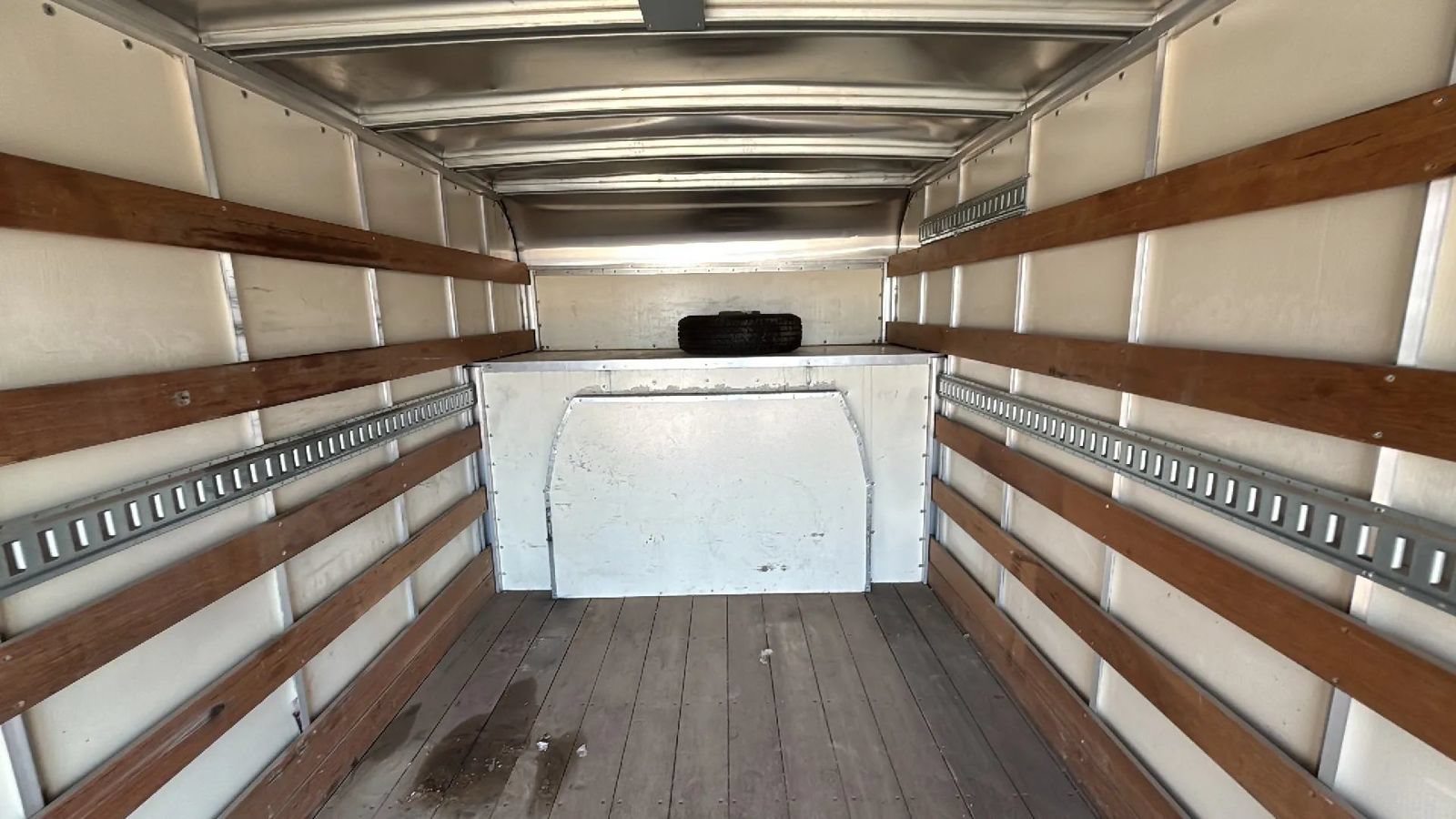 Used 2021 Ford E-350 and Econoline 350 Super Duty RWD image 34
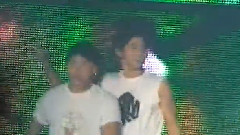 东方神起 - Haha Song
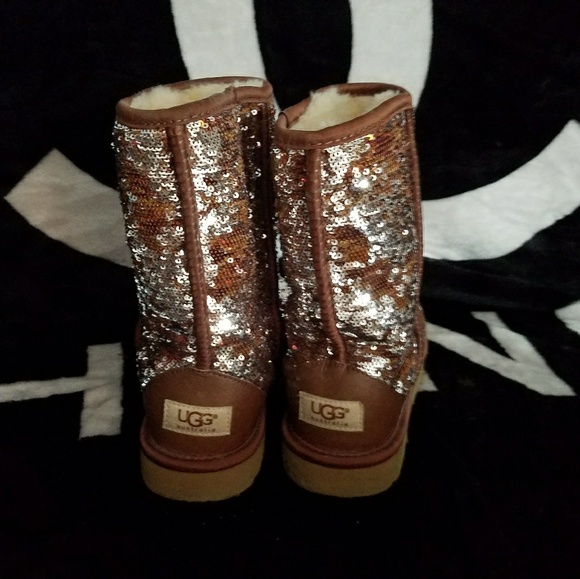 Uggs size 8 - Picture 2 of 3
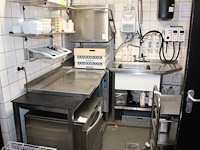 Doorschuifvaatwasser rima met aan- en afvoertafel. voorzien ecolab doseersysteem met diverse korven. afm. h... - afbeelding 1 van  4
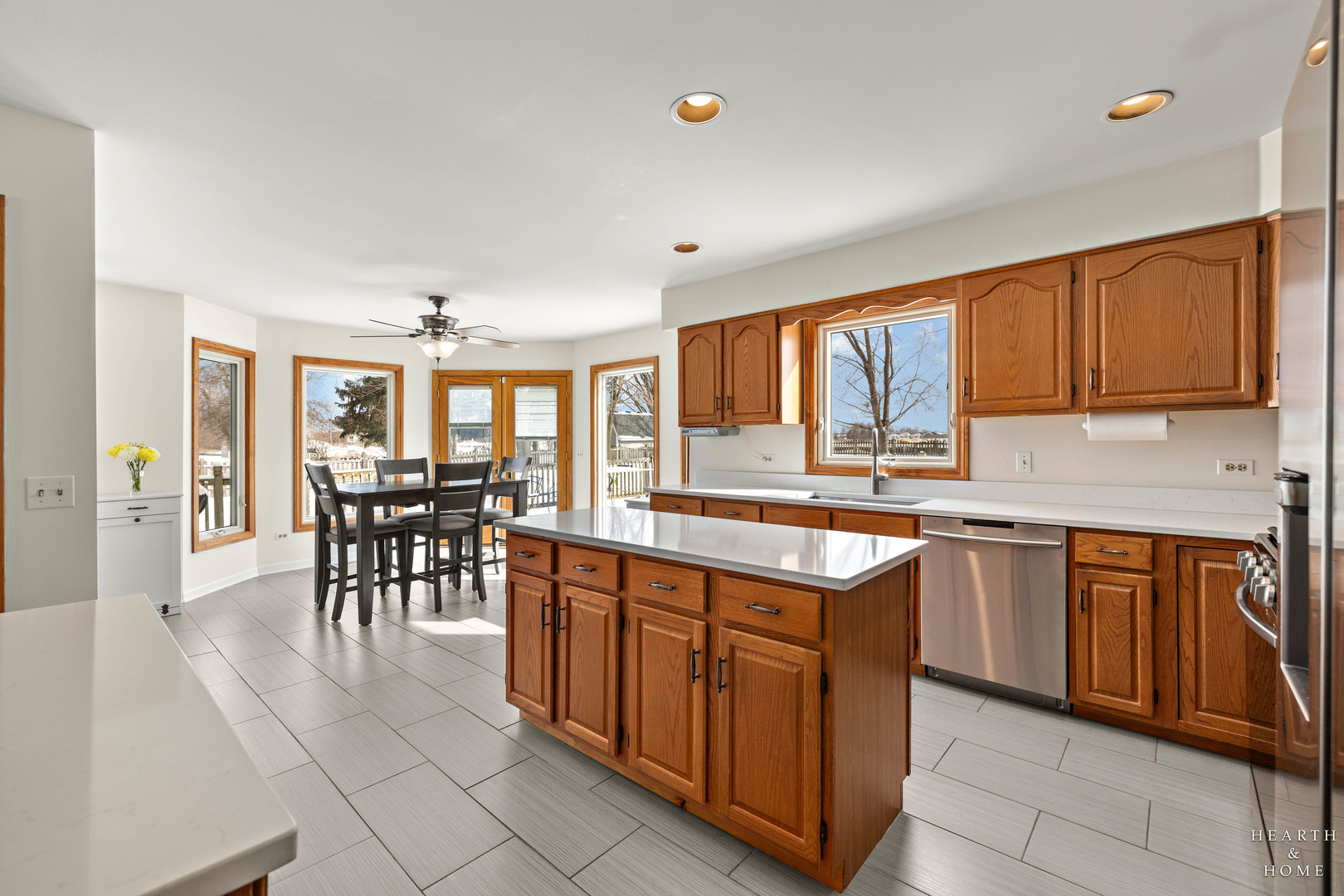 4305 Fairfax Drive, Crystal Lake, IL 60014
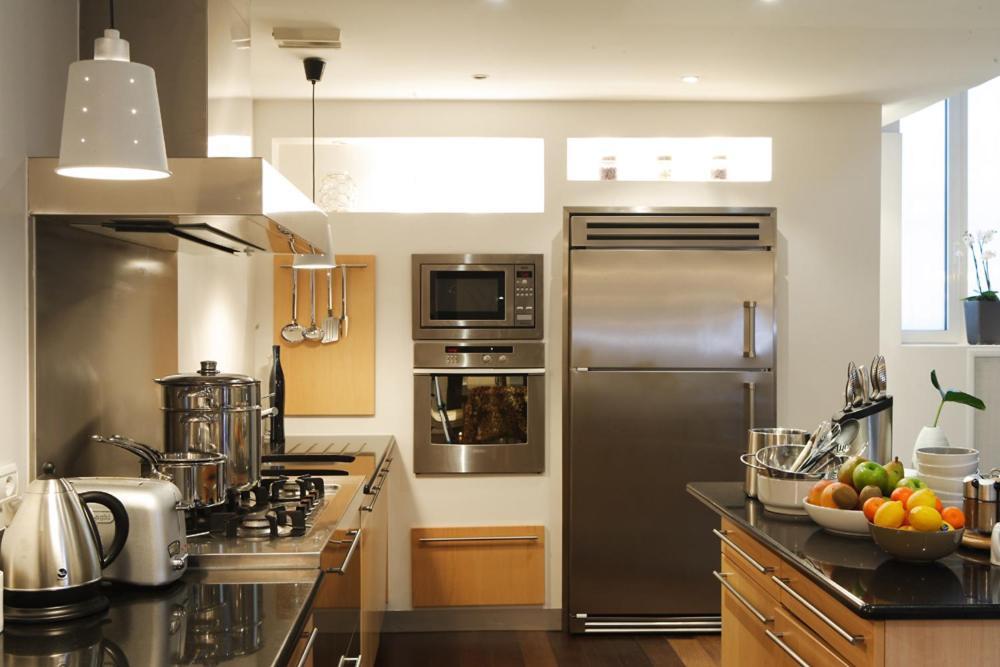Luxury Two-story Designer Loft In Epicenter - Bright And Spacious *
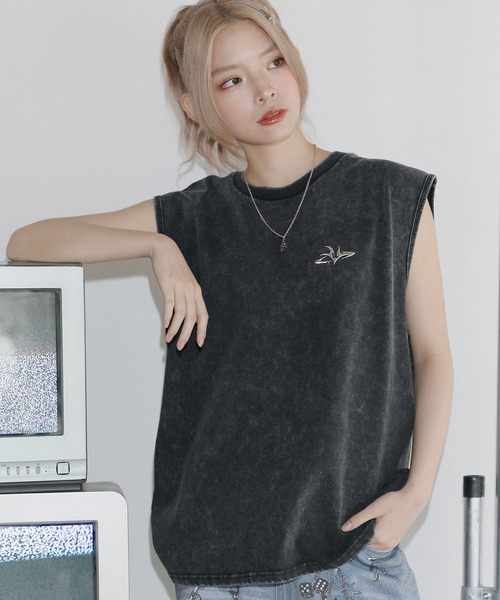 MSG（エムエスジー）の「ヴィンテージライクワンポイントノースリーブ【UNISEX】（タンクトップ・メンズ・ホワイト/ブラック系/ブラック/グレー系・S/M/L/XL）」の4枚目の写真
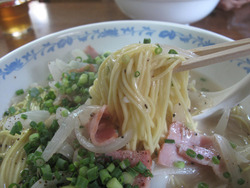 12オニオンベーコンスパイシー麺メン@らさろ亭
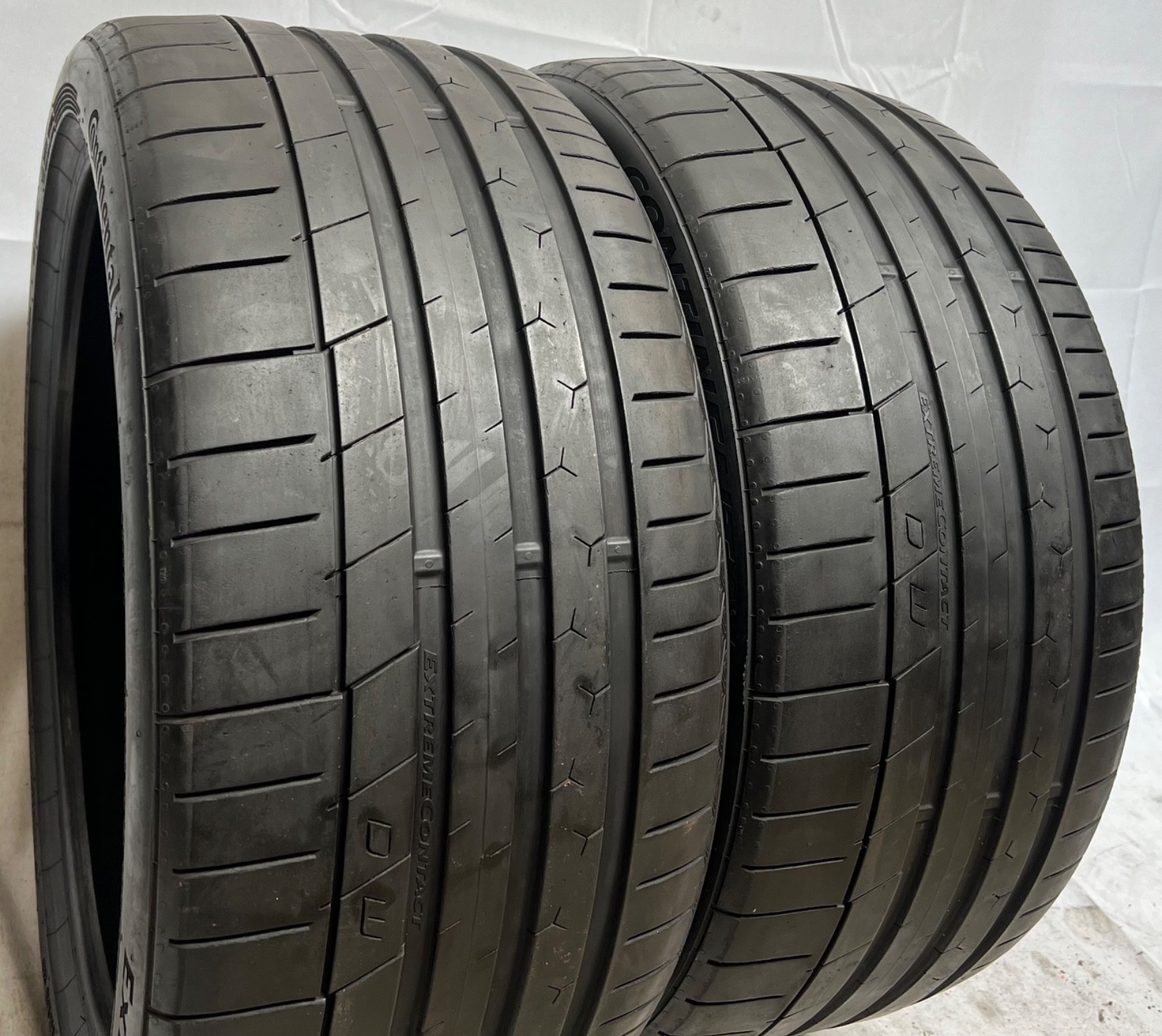 2 – TAKEOFF 265/35ZR20 XL (99Y) Continental ExtremeContact Sport – 7053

══════

Your assignment
With pictures omitted, restate word for word every line above from the one containing "Uggs size 8 - Picture 2 of 3" to the end of the entries.

Solution to the exercise
 Uggs size 8 - Picture 2 of 3
 Doorschuifvaatwasser rima met aan- en afvoertafel. voorzien ecolab doseersysteem met diverse korven. afm. h... - afbeelding 1 van  4
 4305 Fairfax Drive, Crystal Lake, IL 60014
Luxury Two-story Designer Loft In Epicenter - Bright And Spacious *
 MSG（エムエスジー）の「ヴィンテージライクワンポイントノースリーブ【UNISEX】（タンクトップ・メンズ・ホワイト/ブラック系/ブラック/グレー系・S/M/L/XL）」の4枚目の写真
 12オニオンベーコンスパイシー麺メン@らさろ亭
 2 – TAKEOFF 265/35ZR20 XL (99Y) Continental ExtremeContact Sport – 7053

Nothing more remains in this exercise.